WHAT YOU ARE ASKED TO DO: Any image found in the entries is to be skipped; the rest is returned word for word.

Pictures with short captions
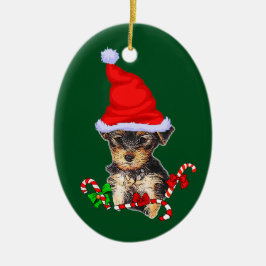 Yorkshire Terrier Christmas Keramik Ornament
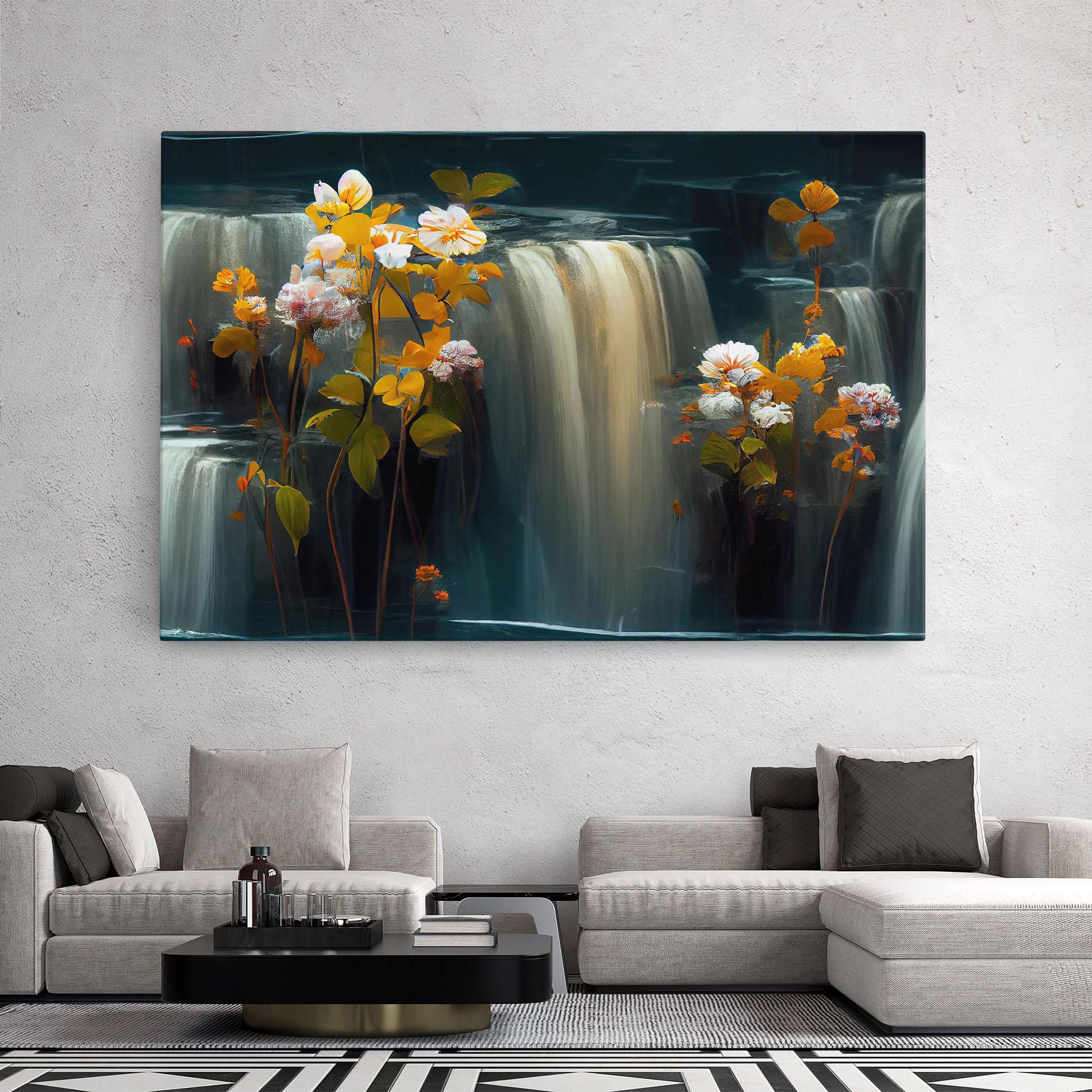 Tablou Canvas Flowers Waterfall mockup 2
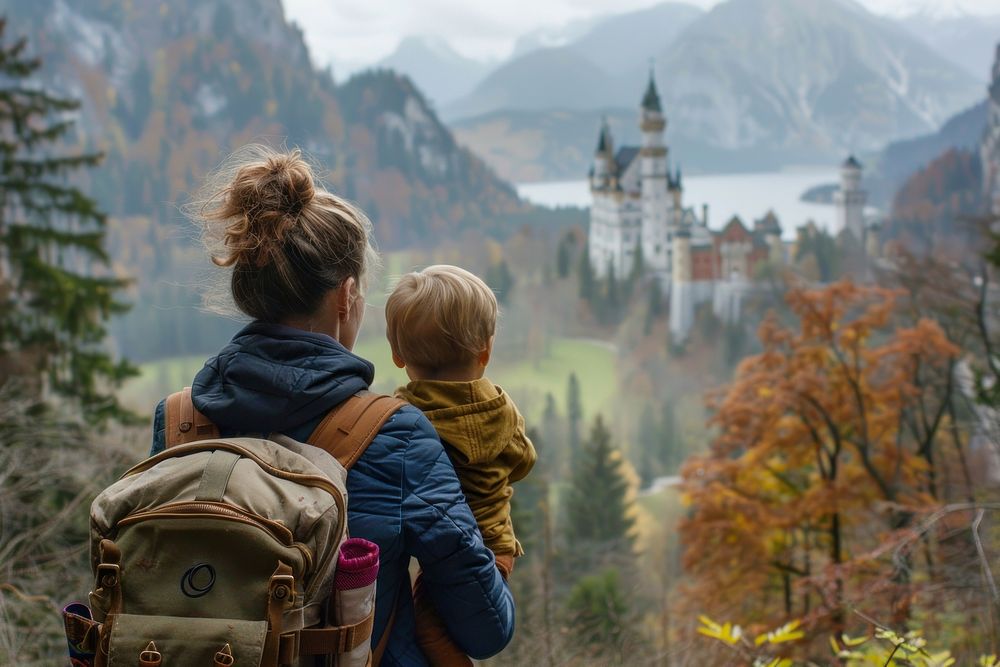 Mother and son travel to Germany architecture backpack building.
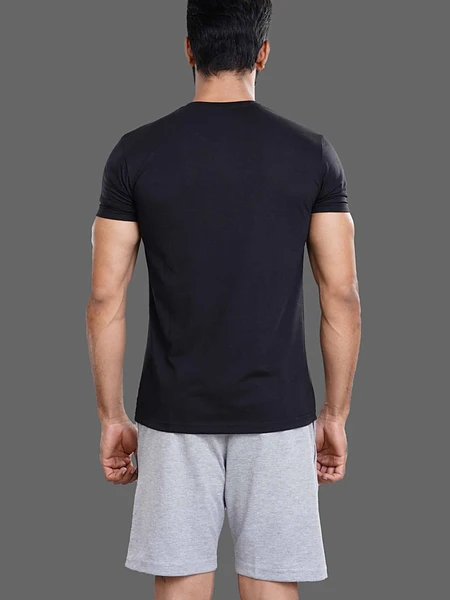 Image of V Neck T-Shirt - Black - 3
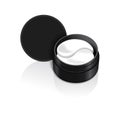 Black container with hydrogel patches for the eyes. Vector illustration of realistic eye gel patches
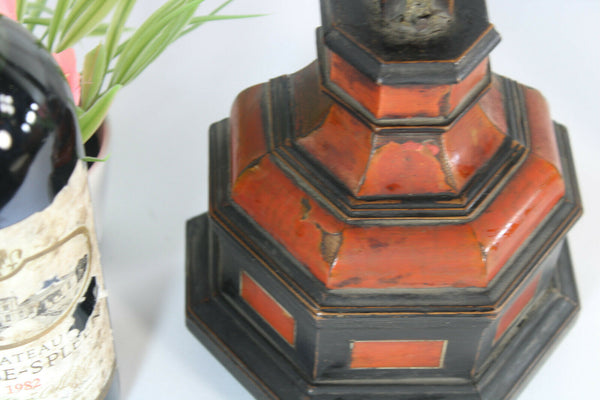 Antique 19thc inlaid wood Crucifix Christ religious french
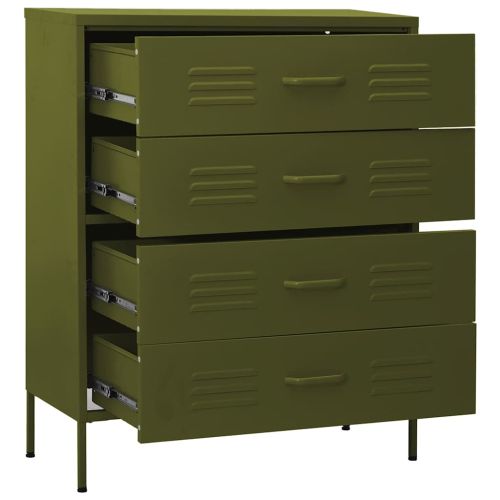 Шкаф с чекмеджета, маслиненозелен, 80х35х101,5 см, стомана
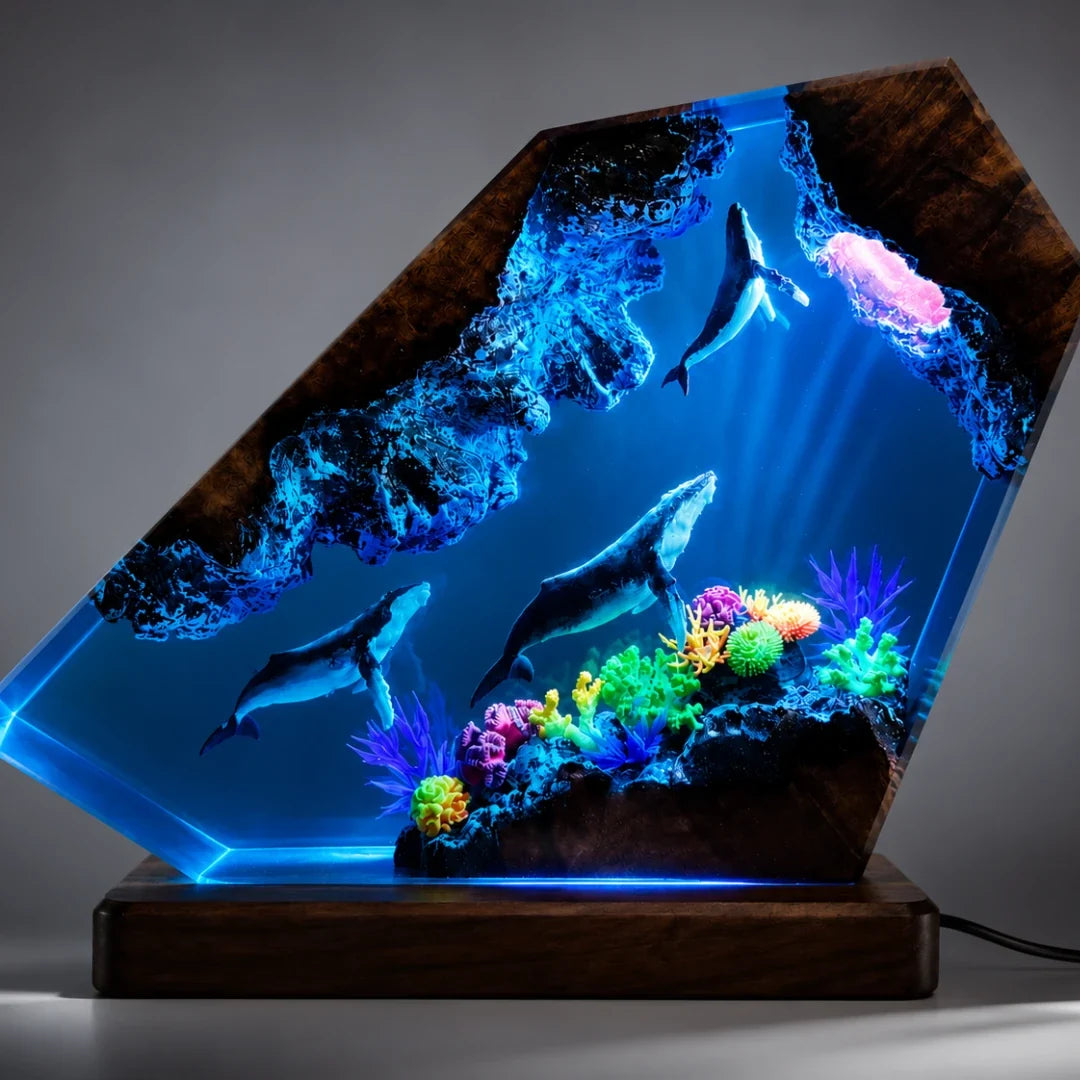 Oceaan Harslamp met LED-Verlichting Walvis & Koraalrif Decoratie USB-Lichtbron Transparante Resinblok | Sulvida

SOLUTION:
 Yorkshire Terrier Christmas Keramik Ornament
 Tablou Canvas Flowers Waterfall mockup 2
 Mother and son travel to Germany architecture backpack building.
 Image of V Neck T-Shirt - Black - 3
 Black container with hydrogel patches for the eyes. Vector illustration of realistic eye gel patches
 Antique 19thc inlaid wood Crucifix Christ religious french
 Шкаф с чекмеджета, маслиненозелен, 80х35х101,5 см, стомана
 Oceaan Harslamp met LED-Verlichting Walvis & Koraalrif Decoratie USB-Lichtbron Transparante Resinblok | Sulvida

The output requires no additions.